One of the great things of Kotlin is that you can reuse Java libraries, so java.time library can be used like this:

import org.junit.jupiter.api.Test
import java.time.LocalDate
import java.time.ZoneId
import java.time.format.DateTimeFormatter

class ApplicationTests {
    @Test
    fun changeDateFormat(){
        val inputDateString = "11/31/2019"
        val inputFormatter = DateTimeFormatter.ofPattern("MM/dd/yyyy")
        val localDate = LocalDate.parse(inputDateString, inputFormatter)
        val outputFormatter = DateTimeFormatter.ofPattern("yyyy-MM-dd HH:mm:ss.SSSZ")
        val localDateTime = localDate.atStartOfDay()
        val zonedDateTime = localDateTime.atZone(ZoneId.of("America/New_York"))
        val outputDateString = outputFormatter.format(zonedDateTime)
        print(outputDateString)
    }
}

Running that test will print 2019-12-01 00:00:00.000-0500 as output.
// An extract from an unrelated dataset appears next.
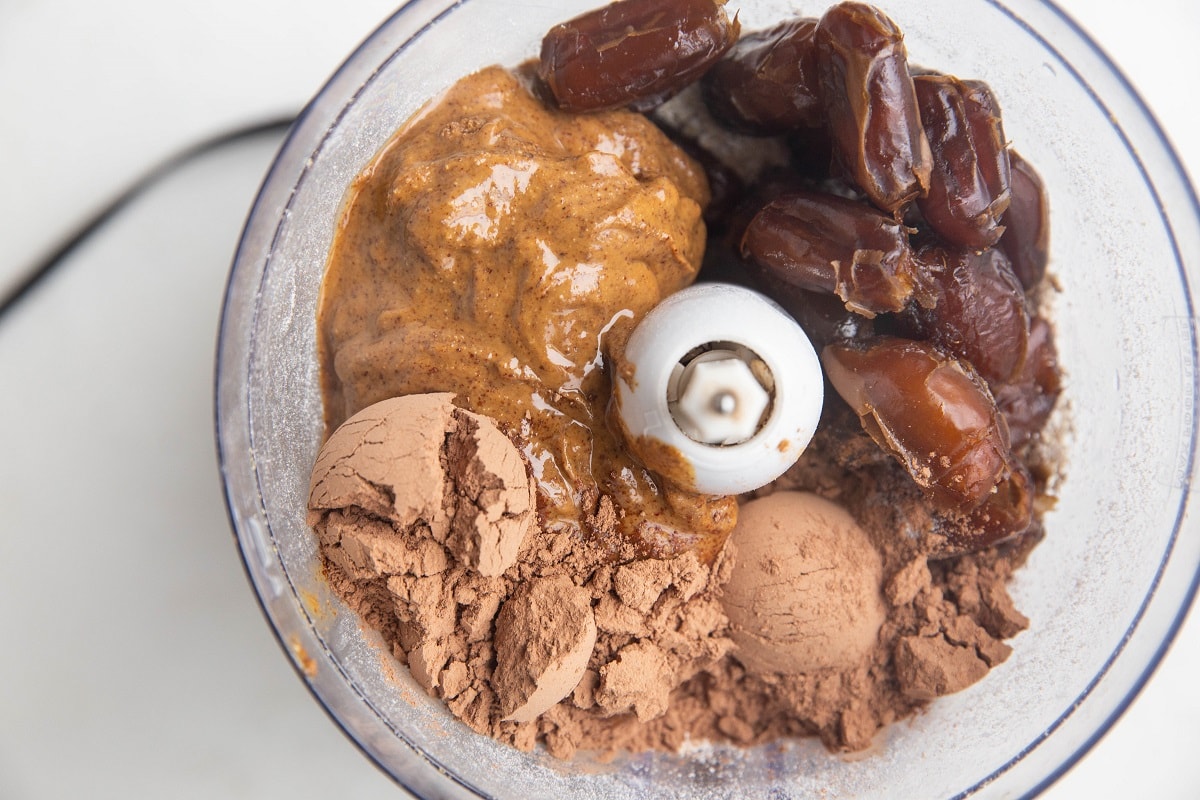 Ground oats, dates, almond butter, and cocoa powder in a food processor, ready to be blended.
The new format has hours and minutes, so the LocalDate needs to be transformed into a LocalDateTime, and that can be done by atStartOfDay(), as an option there's atTime(H,M).
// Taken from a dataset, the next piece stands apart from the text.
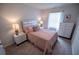 Cozy bedroom with a neatly made bed, side tables with lamps, and a chest of drawers offering a comfortable and organized space at 6011 Pine Bluff Pl, Conyers, GA 30013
The new format also has a timezone, for that you need to transform it to ZonedDateTime the method .atZone(..) can be used for that.


java.text.SimpleDateFormat could also be used in a couple of lines:

val date = SimpleDateFormat("MM/dd/yyyy").parse("11/31/2019")
print(SimpleDateFormat("yyyy-MM-dd HH:mm:ss.SSSZ").format(date))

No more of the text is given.